A commercial AZ31 Mg alloy was melted in a mild steel crucible in an electric resistance furnace under the protection of CO2+0.5% SF6 (volume fraction) mixture gas. Then, 0.5% Al2Ca, 1.1% Al2Ca, 1.7% Al2Ca and 3.5% Al2Ca powders were added into the AZ31 Mg alloy melt at about 993 K, respectively. The melt was stirred and held for 10 min and then poured into a steel mold (d20 mm × 90 mm) preheated to 473 K in order to obtain a sample ingot. The actual chemical compositions of the experimental alloys were inspected by an XRF 800CCDE X-ray fluorescence spectrometer and results are listed in Table 1. For grain morphology observation, all as-cast samples were cut in the horizontal direction at the location of 15 mm from the bottom of the ingots. Moreover, in order to clearly show the grain boundaries of the samples and estimate the thermal stability of the fine grains, the solid solution treatment of the samples was carried out at 688 K for 10 h and followed by water quenching.
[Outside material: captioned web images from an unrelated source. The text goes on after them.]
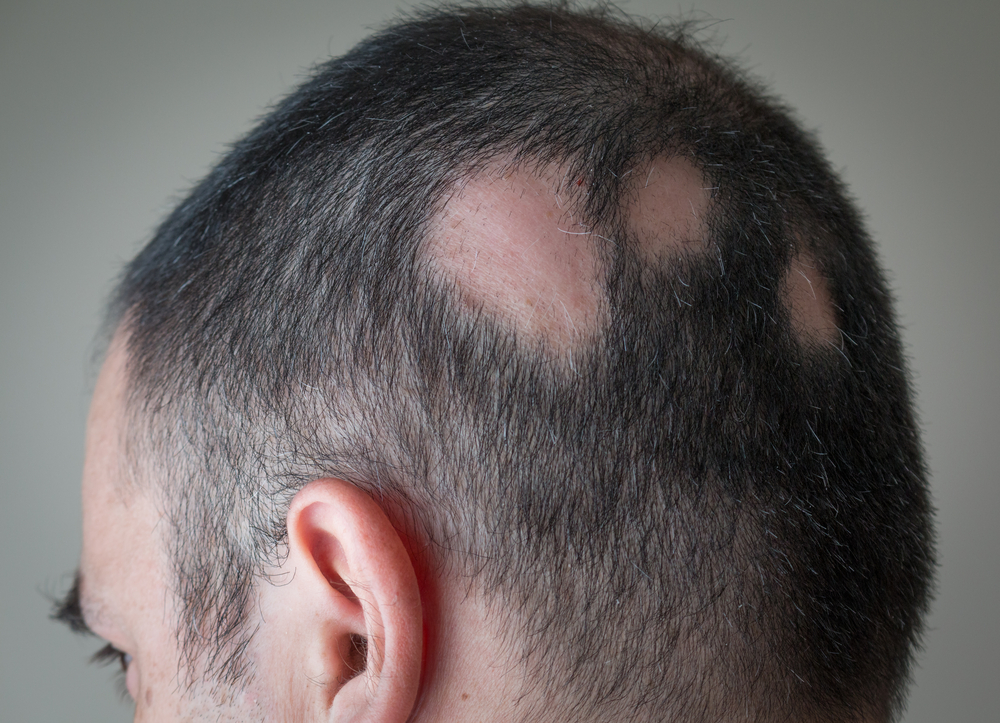Man with alopecia areata in Sarasota, FL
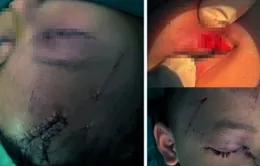 Nghệ An: Cấp cứu trẻ bị chó cắn tổn thương nghiêm trọng vùng mặt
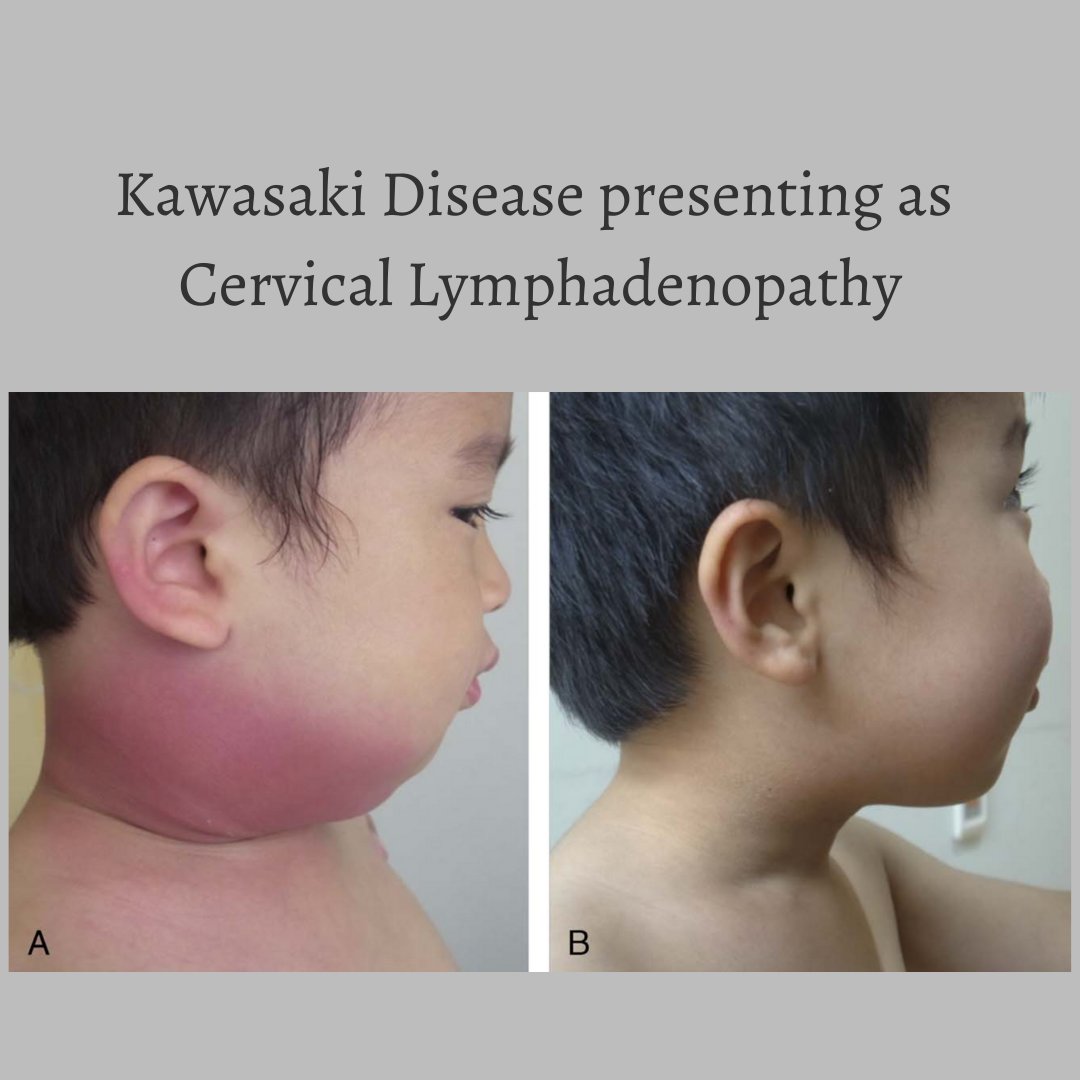 Cervical Lymphadenopathy informacionpublica.svet.gob.gt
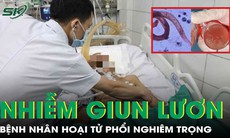 2 bệnh nhân nhiễm giun lươn gây hoại tử phổi nghiêm trọng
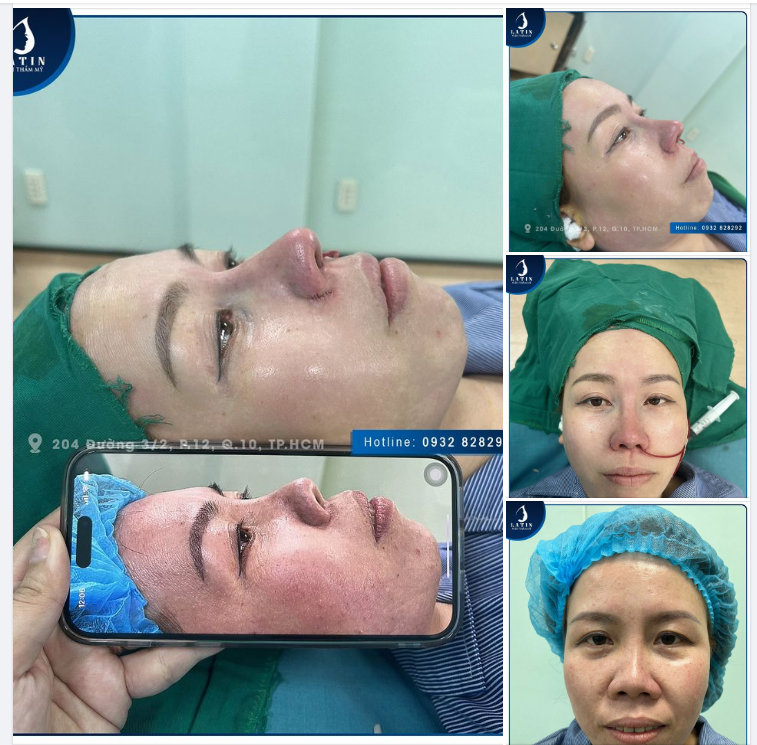"Chỉ đợi Latin khai xuân để đi sửa mũi"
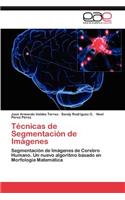 Tecnicas de Segmentacion de Imagenes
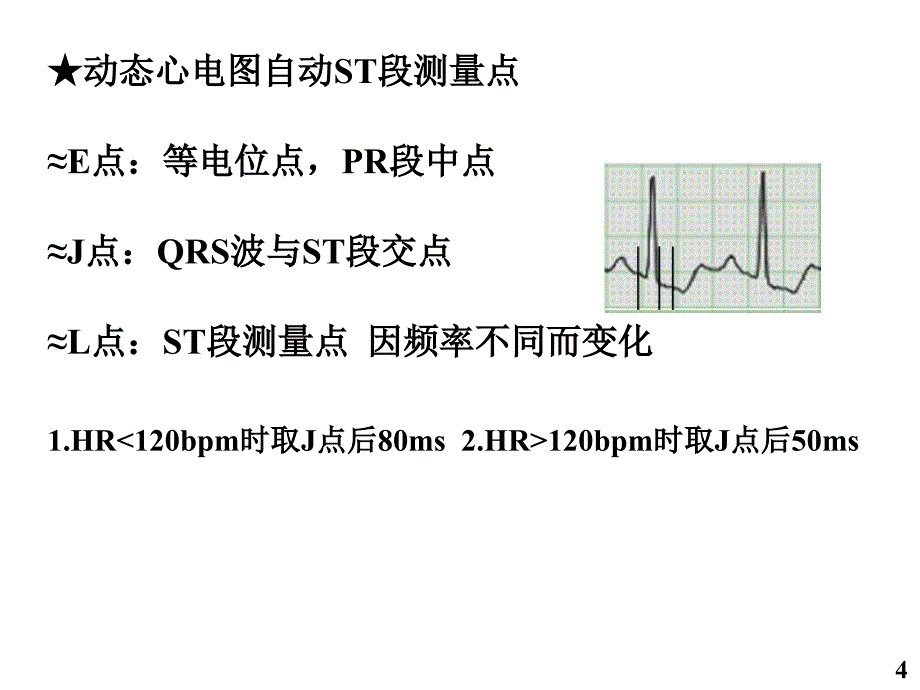 缺血性胸痛时的动态心电图表现_徐金义_第4页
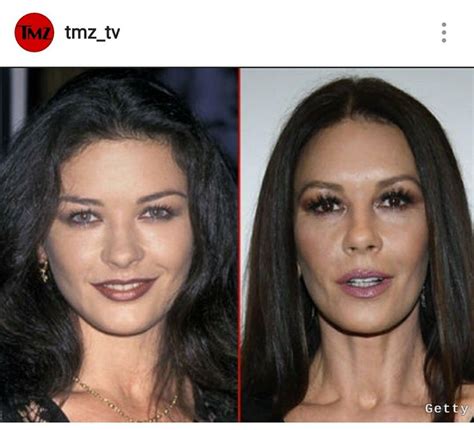 Catherine Zeta Jones Before And After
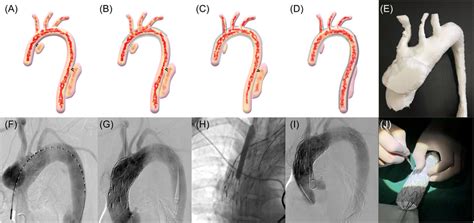 A F Digital subtraction angiography DSA revealed a 5 0 3 4 cm²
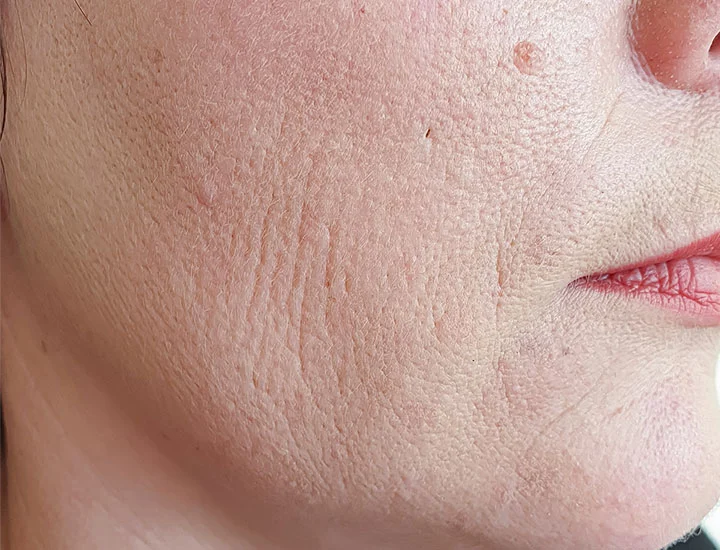 How to Tell If Your Skin Is Dehydrated (Not Dry)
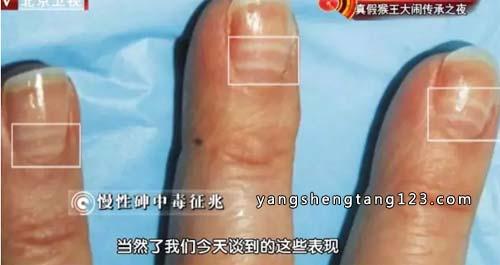 我是大医生2016年2月4日视频,崔培林,胃癌-餐桌上的夫妻癌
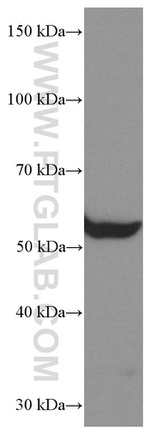 CHRNA5 Antibody in Western Blot (WB)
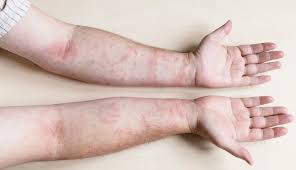 Image result for contact dermatitis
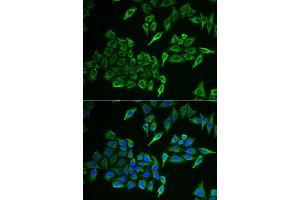Immunofluorescence analysis of HeLa cell using COX4I1 antibody. (COX IV 抗体)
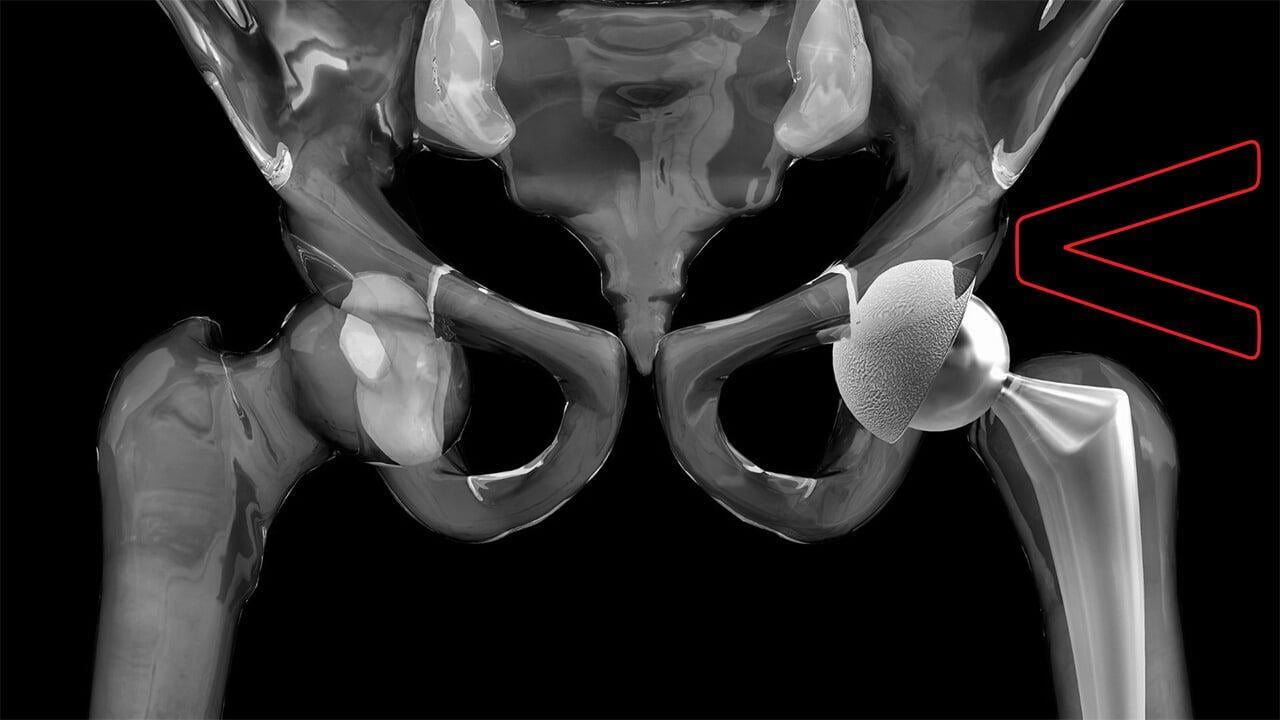 Total Hip Replacement.jpg
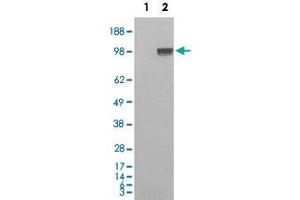 HEK293 overexpressing Human ENPP1 and probed with ENPP1 polyclonal antibody  (mock transfection in first lane) . (ENPP1 antibody  (C-Term))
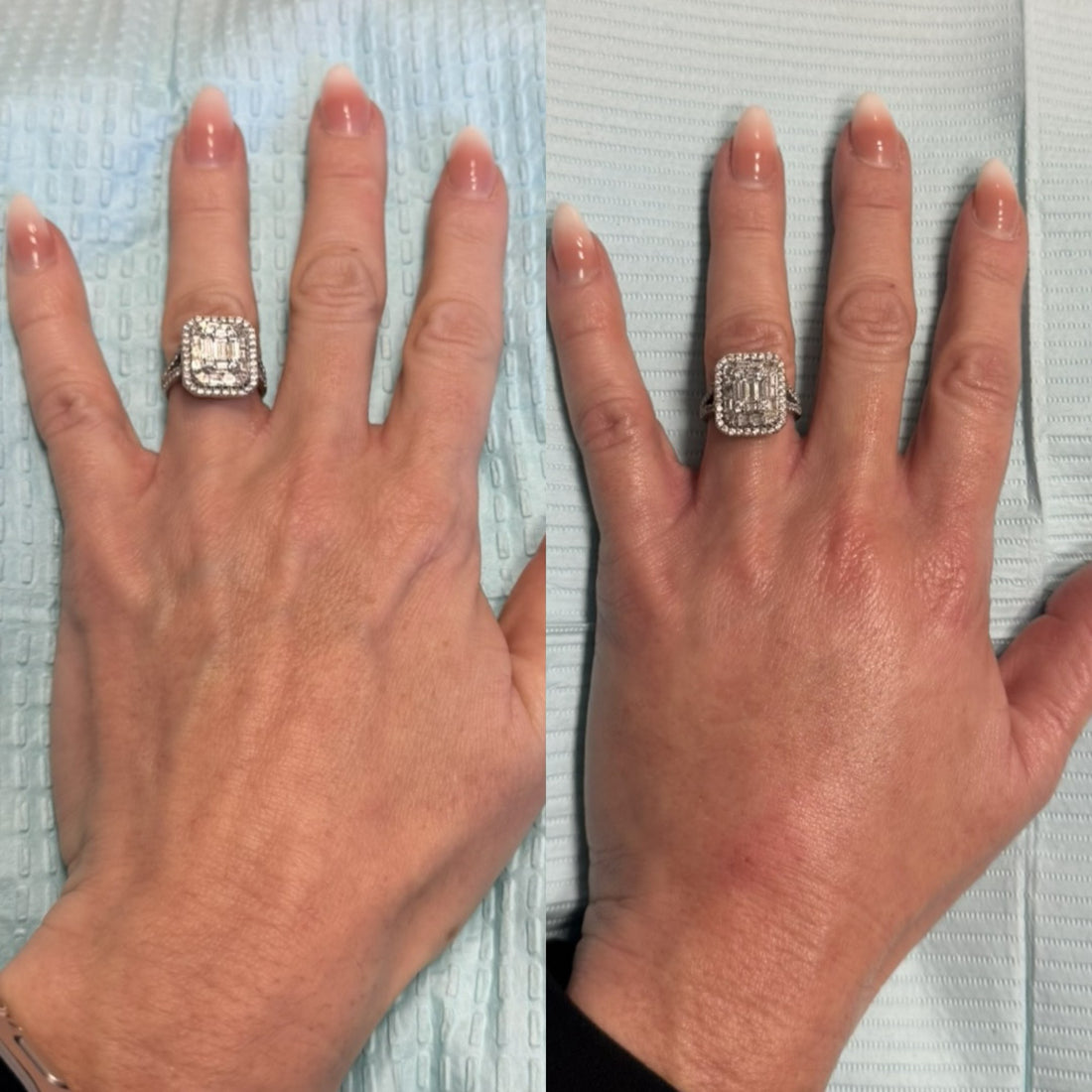 Dermal Filler Hand Rejuvenation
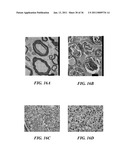 IMAGE GUIDED HIGH INTENSITY FOCUSED ULTRASOUND TREATMENT OF NERVES diagram and image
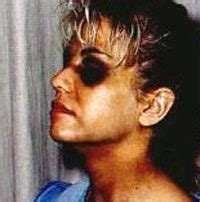 Karla Homolka Crime Scene Photos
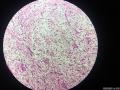 微信病例9｜结节性筋膜炎图14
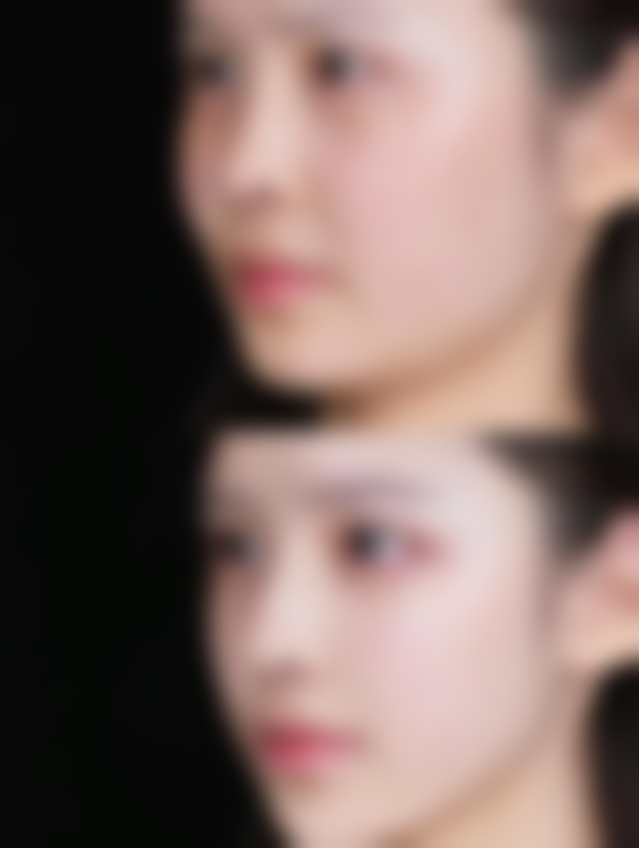 涂抹丰太阳穴靠谱吗？——快速见效真相揭秘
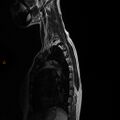 Normal spine MRI (Radiopaedia 77323-89408 E 15).jpg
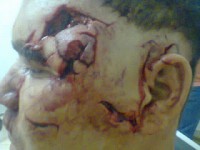 Homem fica irreconhecível após tetativa de homicídio em Parelhas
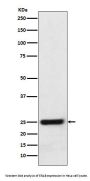 Anti-ERAB Monoclonal Antibody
Table 1 Chemical compositions of alloys studied (mass fraction, %)
In order to identify the precipitation sequence of the Al2Ca phase and the α-Mg phase, a thermal analysis method was used to detect whether the Al2Ca precipitates during solidification. Before cooling, a thermocouple was placed at the center of the mild steel crucible with its tip set at 10 mm from the bottom of the crucible. The alloy melt was cooled in the furnace. The cooling curves were recorded by a datalogger and computer. In addition, to study the stability of Al2Ca in liquid Mg, the Al2Ca/Mg solid-liquid diffusion couple was prepared by traditional method. Pure Mg and Al2Ca compound block (melting point about 1352 K) were used. A rectangular piece of Al2Ca compound block was polished with 800-grit SiC paper, and then cleaned with acetone to make sure an oxide-free surface. Pure Mg was melted under a protective atmosphere of CO2+0.5%SF6. Al2Ca compound block was immediately submerged into the Mg melt, and isothermally held at 993 K for 10 min, and then the samples were quenched in cold water.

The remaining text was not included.